Supreme Court doctrine on employment non-compete clauses

The Supreme Court has recognized that a non-compete clause is not per se void as a restraint of trade, so long as it is reasonable and provides only fair protection to the employer. This is consistently reflected in cases involving employees who transferred to competitors after resignation or termination.

In Tiu v. Platinum Plans Phil., Inc. (April 5, 2007), the Court held that a non-compete stipulation is enforceable if it is reasonable as to time, trade, and place, and is not greater than necessary to protect the employer. The Court also emphasized that stipulations freely entered into and not contrary to law, morals, good customs, public order, or public policy have the force of law between the parties. (Tiu v. Platinum Plans Phil., Inc., April 5, 2007)

In Century Properties, Inc. v. Babiano, et al. (April 11, 2016), the Court enforced a clear non-compete and confidentiality clause and recognized that restricting a senior employee from joining direct competitors can be reasonable where the employee held a sensitive and confidential managerial position and the restriction was time-bound (one year). (Century Properties, Inc. v. Babiano, et al., April 11, 2016)

Non-compete and post-employment disputes: where to file and why it matters

Forum selection is often overlooked. If an employer sues for damages based on an alleged breach of a non-compete that arises after the employment relationship ends, the dispute can be treated as a civil law controversy rather than a labor standards dispute.
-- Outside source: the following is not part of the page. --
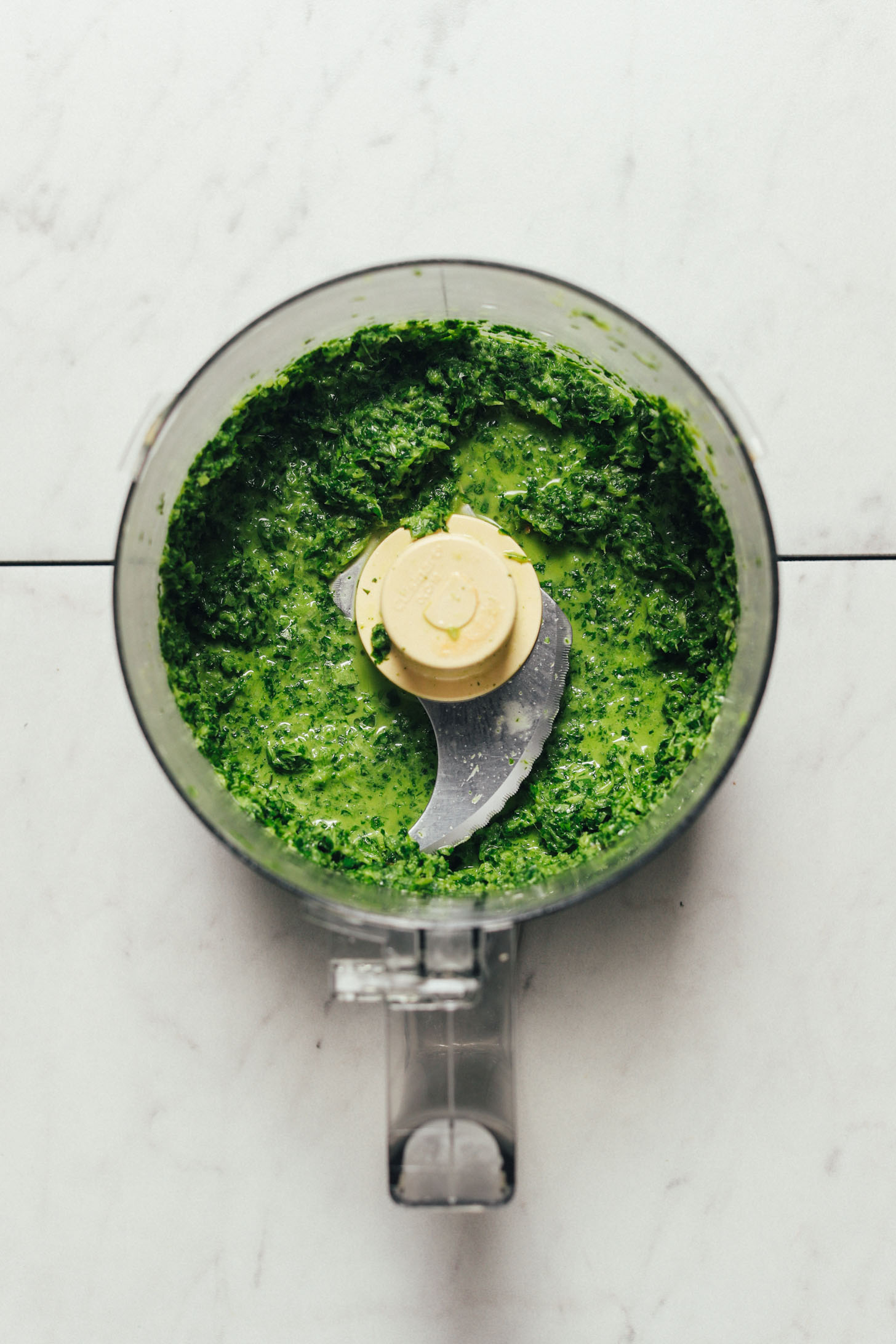 Food processor with freshly blended green sauce for making Mexican-inspired Cauliflower Green Rice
In Esico v. Alphaland Corporation, et al. (October 13, 2021), the Court reiterated that labor tribunals generally have no jurisdiction over employer claims for damages based on breach of contract arising after employment has ceased, and that these are governed by civil law and should be filed in regular courts. (Esico v. Alphaland Corporation, et al., October 13, 2021)

Drafting an enforceable non-compete for renewable energy engineers and executives

1) State the employer’s protectable interests in clear, sector-specific terms

Renewable energy employers should articulate protectable interests that justify restraint. Courts are more receptive when the restriction is tied to specific risks.
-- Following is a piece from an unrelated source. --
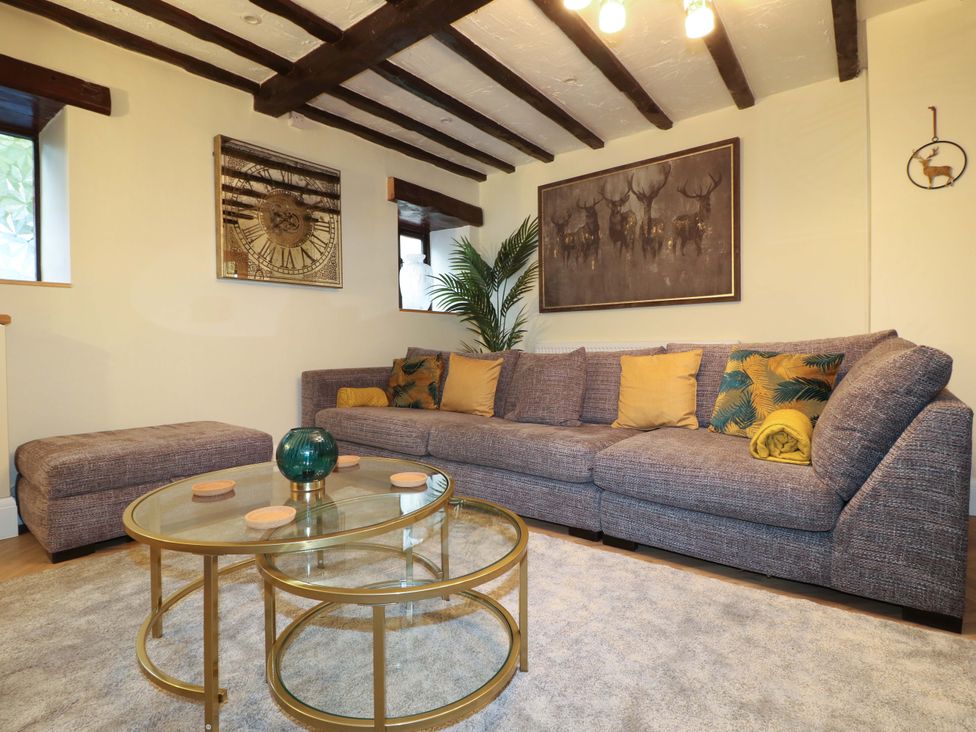 A living room with a sofa and coffee table at Magnolia Cottage Nottingham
Examples of protectable interests in solar and wind operations include:

  • Confidential engineering and design information (e.g., PV system sizing methods, wind micro-siting assumptions, performance ratio targets, internal design standards).
  • Commercial and vendor data (e.g., EPC pricing structures, supplier terms, procurement strategies, warranty and performance guarantees).
  • Project pipeline intelligence (e.g., target sites, landowner negotiation positions, permitting timelines, grid studies, curtailment assumptions).
  • Internal processes and know-how developed through training and exposure to proprietary systems.

While courts do not require a “trade secrets” statute label in the contract, they do evaluate whether the restriction is aimed at protecting legitimate business interests rather than suppressing competition. (Tiu v. Platinum Plans Phil., Inc., April 5, 2007)
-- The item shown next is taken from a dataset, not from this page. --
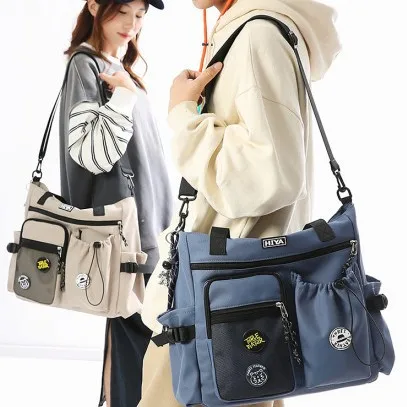 Compact nylon work-style casual single-shoulder bag with large capacity and multiple pockets for carrying tote bag
Compact nylon work-style casual single-shoulder bag with large capacity and multiple pockets for carrying tote bag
2) Keep the restraint reasonable in time, scope, and geography

Philippine cases repeatedly emphasize reasonableness. A common drafting error is copying global templates that impose broad restraints without tailoring to the employee’s role and the Philippine market.

Reasonableness guide (time, trade, place)

Drafting element – What Philippine doctrine generally favors – Renewable energy drafting notes

Time – A defined period that matches the shelf-life of the confidential advantage – One year is often easier to defend; longer periods must be justified by the sensitivity and longevity of the information. (Century Properties, Inc. v. Babiano, et al., April 11, 2016; Tiu v. Platinum Plans Phil., Inc., April 5, 2007)

Trade / activity – Limit only to roles that would use or disclose the protected information – Define “competing business” by reference to solar/wind development, EPC, O&M, project finance support, or bidding for the same type of projects.

Place – A territorial limit that reflects the employer’s market – Consider the Philippines as the core market if the employer operates locally; for remote work, define “place” by target projects/customers in the Philippines.

If the restriction prevents an employee from earning a living in the only field they know, courts can view it as overbroad. The safer approach is a narrower non-compete paired with strong confidentiality and non-solicitation obligations. (Tiu v. Platinum Plans Phil., Inc., April 5, 2007)

3) Define “direct competitor” in a way that is objective and measurable

In renewable energy, “competitor” can be ambiguous because companies may develop projects, sell equipment, provide EPC services, or provide O&M. Draft definitions using objective criteria, such as:

  • Companies bidding against the employer for the same solar or wind project opportunities;
  • Companies developing, financing, or operating utility-scale solar or wind projects in the Philippines within the restricted period;
  • Companies providing EPC or O&M services to utility-scale solar or wind projects that directly compete with the employer’s active pipeline or contracted projects.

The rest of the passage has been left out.